Use the Laws of Logarithms to combine the expression.

Hmm.  I'm not sure Maple agrees with me.  I based my reply above on reasoning about the two terms separately, and in this Maple agrees with me - see the first plot below (I've just used the natural log; a different base only alters the scaling, not the domain).

However, when I get Maple to plot the difference of the two terms it gives the following (which is identical to ln(x+8)):

So, Chris, it looks like the mathematical software big-hitters (Mathematica and Maple) think it's ok to combine terms before worrying about domain validity!
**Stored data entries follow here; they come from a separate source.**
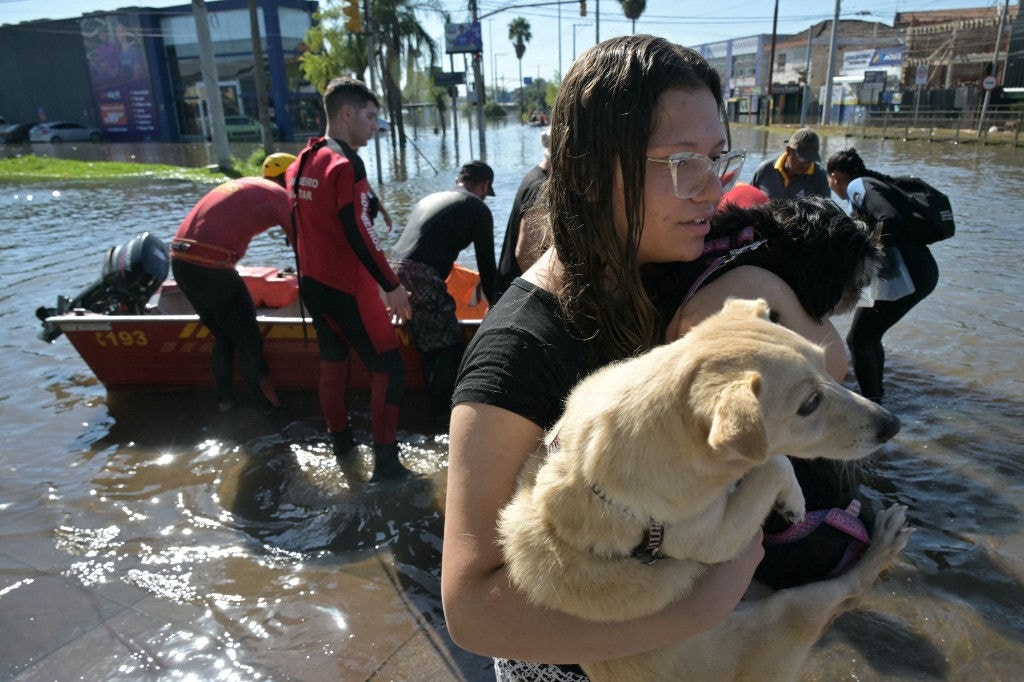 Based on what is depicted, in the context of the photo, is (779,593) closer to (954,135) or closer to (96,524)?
(96,524)

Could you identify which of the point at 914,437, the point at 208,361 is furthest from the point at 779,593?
the point at 208,361

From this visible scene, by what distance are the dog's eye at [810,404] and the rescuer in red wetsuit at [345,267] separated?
12.8 ft

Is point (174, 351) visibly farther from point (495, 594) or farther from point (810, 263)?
point (810, 263)

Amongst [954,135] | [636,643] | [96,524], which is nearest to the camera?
[636,643]

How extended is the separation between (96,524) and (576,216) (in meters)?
5.04

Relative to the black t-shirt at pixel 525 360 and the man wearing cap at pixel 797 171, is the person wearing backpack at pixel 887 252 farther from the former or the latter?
the black t-shirt at pixel 525 360

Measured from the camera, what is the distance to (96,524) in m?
4.86

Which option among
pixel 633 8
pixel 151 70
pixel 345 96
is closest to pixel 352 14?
pixel 345 96

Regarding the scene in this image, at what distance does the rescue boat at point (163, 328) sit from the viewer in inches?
251

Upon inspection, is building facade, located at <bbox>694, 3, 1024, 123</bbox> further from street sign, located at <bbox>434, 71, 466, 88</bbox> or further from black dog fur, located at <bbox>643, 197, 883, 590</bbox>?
black dog fur, located at <bbox>643, 197, 883, 590</bbox>

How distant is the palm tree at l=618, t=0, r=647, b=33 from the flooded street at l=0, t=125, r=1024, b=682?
77627 mm

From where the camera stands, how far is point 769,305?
1691mm

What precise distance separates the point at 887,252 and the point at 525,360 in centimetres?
544

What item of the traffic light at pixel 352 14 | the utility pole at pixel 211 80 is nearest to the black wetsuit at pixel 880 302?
the traffic light at pixel 352 14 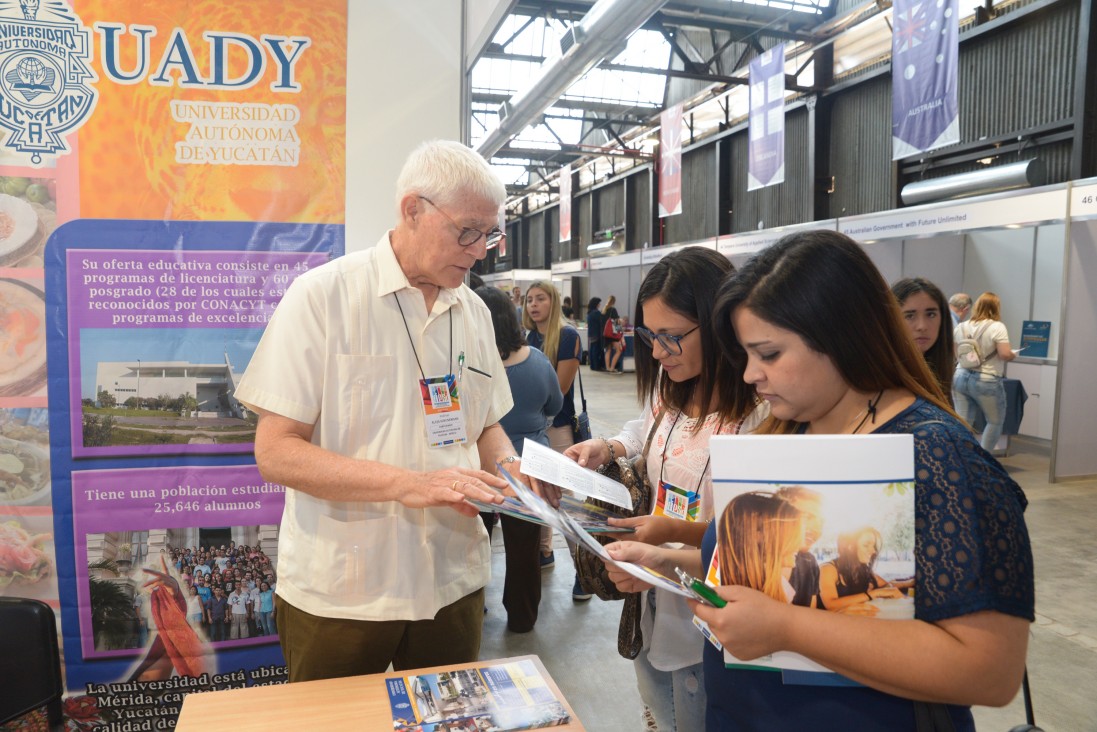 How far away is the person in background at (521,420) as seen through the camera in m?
3.52

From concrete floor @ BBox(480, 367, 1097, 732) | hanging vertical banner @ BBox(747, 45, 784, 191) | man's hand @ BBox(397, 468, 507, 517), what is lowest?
concrete floor @ BBox(480, 367, 1097, 732)

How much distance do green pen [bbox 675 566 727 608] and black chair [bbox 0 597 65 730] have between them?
1613mm

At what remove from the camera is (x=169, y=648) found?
2471mm

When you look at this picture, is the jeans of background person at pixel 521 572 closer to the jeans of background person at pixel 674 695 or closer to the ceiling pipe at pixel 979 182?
the jeans of background person at pixel 674 695

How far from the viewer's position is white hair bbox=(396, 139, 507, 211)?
5.16ft

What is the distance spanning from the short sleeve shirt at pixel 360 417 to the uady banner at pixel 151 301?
94 centimetres

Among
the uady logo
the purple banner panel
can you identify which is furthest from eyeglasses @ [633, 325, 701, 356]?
the uady logo

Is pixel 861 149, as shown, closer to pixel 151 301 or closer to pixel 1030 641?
pixel 1030 641

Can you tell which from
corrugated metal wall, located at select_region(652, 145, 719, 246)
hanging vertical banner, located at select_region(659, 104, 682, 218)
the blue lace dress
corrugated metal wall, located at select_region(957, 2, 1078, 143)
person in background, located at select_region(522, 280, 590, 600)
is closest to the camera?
the blue lace dress

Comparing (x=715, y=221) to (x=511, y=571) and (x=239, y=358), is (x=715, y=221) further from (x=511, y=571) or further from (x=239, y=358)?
(x=239, y=358)

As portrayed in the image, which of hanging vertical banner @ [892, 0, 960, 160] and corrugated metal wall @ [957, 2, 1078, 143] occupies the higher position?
corrugated metal wall @ [957, 2, 1078, 143]

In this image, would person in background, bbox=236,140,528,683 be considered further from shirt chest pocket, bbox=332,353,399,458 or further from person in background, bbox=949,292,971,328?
person in background, bbox=949,292,971,328

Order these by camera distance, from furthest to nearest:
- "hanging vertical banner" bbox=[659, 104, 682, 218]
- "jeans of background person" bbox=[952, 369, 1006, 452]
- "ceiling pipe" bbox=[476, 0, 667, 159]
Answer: "hanging vertical banner" bbox=[659, 104, 682, 218] → "jeans of background person" bbox=[952, 369, 1006, 452] → "ceiling pipe" bbox=[476, 0, 667, 159]

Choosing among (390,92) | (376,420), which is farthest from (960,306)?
(376,420) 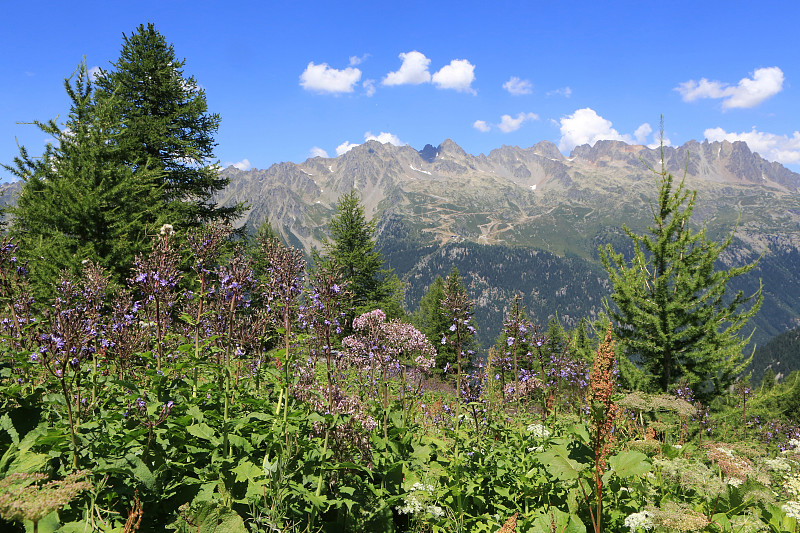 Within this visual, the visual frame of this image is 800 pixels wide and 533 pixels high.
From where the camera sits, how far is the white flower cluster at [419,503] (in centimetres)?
394

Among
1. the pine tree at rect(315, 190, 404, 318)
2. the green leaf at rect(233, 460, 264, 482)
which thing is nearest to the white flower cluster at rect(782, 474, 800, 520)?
the green leaf at rect(233, 460, 264, 482)

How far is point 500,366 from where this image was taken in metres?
8.26

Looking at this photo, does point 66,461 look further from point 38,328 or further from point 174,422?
point 38,328

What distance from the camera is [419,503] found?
157 inches

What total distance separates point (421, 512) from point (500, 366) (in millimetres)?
4500

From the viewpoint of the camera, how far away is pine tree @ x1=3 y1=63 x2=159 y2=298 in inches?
508

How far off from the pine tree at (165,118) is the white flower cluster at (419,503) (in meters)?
17.5

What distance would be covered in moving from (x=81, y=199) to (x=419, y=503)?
14.7 m

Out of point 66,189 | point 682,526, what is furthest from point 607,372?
point 66,189

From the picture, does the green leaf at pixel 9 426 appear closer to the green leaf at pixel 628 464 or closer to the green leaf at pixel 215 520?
the green leaf at pixel 215 520

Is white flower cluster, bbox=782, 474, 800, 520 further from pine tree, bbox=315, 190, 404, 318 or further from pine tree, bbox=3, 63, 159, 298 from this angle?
pine tree, bbox=315, 190, 404, 318

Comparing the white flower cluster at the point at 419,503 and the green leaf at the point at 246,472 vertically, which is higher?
the green leaf at the point at 246,472

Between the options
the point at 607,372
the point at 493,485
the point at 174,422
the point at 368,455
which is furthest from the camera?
the point at 493,485

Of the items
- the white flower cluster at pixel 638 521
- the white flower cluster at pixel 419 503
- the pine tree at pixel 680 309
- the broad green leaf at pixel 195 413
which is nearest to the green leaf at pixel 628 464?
the white flower cluster at pixel 638 521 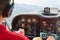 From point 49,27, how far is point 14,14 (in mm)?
431

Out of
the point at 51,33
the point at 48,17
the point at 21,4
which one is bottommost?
the point at 51,33

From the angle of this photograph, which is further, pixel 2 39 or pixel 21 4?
pixel 21 4

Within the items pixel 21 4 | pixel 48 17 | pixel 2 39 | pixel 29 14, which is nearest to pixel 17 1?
pixel 21 4

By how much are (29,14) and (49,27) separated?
0.27 metres

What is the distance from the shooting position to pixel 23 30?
7.83 ft

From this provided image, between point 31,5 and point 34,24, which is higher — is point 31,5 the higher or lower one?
the higher one

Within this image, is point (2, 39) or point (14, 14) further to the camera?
point (14, 14)

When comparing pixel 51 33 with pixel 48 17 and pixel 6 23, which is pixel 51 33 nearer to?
pixel 48 17

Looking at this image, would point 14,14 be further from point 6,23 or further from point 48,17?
point 48,17

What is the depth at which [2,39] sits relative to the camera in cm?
111

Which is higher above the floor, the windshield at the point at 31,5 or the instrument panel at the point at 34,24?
the windshield at the point at 31,5

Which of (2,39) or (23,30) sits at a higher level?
(2,39)

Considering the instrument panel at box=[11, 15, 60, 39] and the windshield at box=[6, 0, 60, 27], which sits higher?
the windshield at box=[6, 0, 60, 27]

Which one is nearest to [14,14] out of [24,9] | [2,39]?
[24,9] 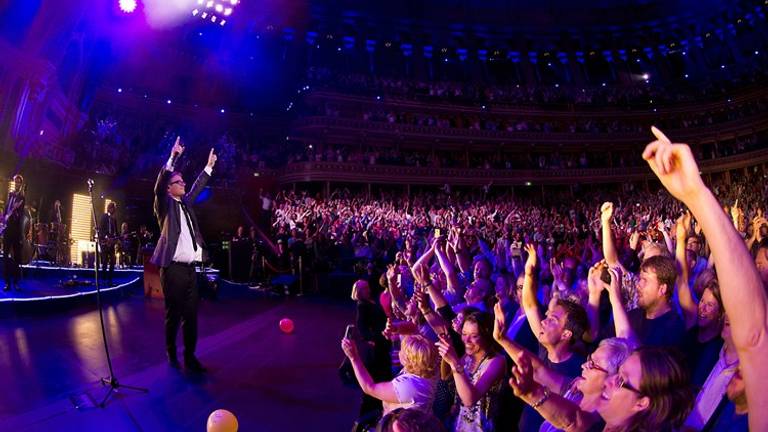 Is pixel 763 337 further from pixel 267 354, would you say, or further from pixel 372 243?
pixel 372 243

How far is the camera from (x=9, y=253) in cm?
930

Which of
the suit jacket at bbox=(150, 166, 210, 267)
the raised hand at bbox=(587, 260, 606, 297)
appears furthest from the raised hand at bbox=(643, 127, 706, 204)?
the suit jacket at bbox=(150, 166, 210, 267)

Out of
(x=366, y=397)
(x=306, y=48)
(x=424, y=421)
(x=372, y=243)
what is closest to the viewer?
(x=424, y=421)

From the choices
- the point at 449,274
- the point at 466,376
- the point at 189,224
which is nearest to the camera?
the point at 466,376

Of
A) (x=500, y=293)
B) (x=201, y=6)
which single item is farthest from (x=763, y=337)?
(x=201, y=6)

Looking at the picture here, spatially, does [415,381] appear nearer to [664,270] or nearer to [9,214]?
[664,270]

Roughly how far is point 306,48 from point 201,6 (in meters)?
16.2

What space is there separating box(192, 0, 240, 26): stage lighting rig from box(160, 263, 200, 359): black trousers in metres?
17.8

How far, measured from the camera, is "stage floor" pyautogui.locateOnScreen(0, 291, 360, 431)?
3.77 meters

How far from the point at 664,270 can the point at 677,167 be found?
6.24ft

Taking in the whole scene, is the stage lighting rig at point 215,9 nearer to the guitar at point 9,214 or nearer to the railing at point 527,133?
the railing at point 527,133

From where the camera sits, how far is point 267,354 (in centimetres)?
607

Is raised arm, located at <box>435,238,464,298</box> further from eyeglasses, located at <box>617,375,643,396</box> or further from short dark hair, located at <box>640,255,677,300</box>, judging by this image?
eyeglasses, located at <box>617,375,643,396</box>

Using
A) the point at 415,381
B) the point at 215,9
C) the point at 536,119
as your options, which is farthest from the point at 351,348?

$$log_8 \frac{(x-8)(x+8)}{x-8}=log_8 (x+8) \qquad \mbox{where }x>-8\;\; and \;\;x\ne 8$$

I may be incorrect about this, Melody, but I believe that x must be greater than 8. The answer has to make sense in the original problem, as well. If x is only greater than -8, the second expression in the original problem is undefined for (-8,8].

No mine is correct Chris

http://www.wolframalpha.com/input/?i=log%28base8%29%28%28x%5E2-64%29%2F%28x-8%29%29

x cannot equal 8 because you cannot divide by 0

x+8>0 because you cannot find the log of a number that is less than or equal to 0

so

x>-8 and x not equal to +8

If we are keeping to the Real numbers only, then log(x-8) isn't defined unless x is strictly greater than 8, so Chris is correct in this situation.

However, if we allow Complex numbers then we have log(x^2-64) - log(x-8) = log(x+8) + log(x-8) - log(x-8) = log(x+8) for all x except x = -8 and x = 8.

Yes I appologise, I can see that now that you have pointed it out.  

So, thank you Alan and my appologies to you Chris.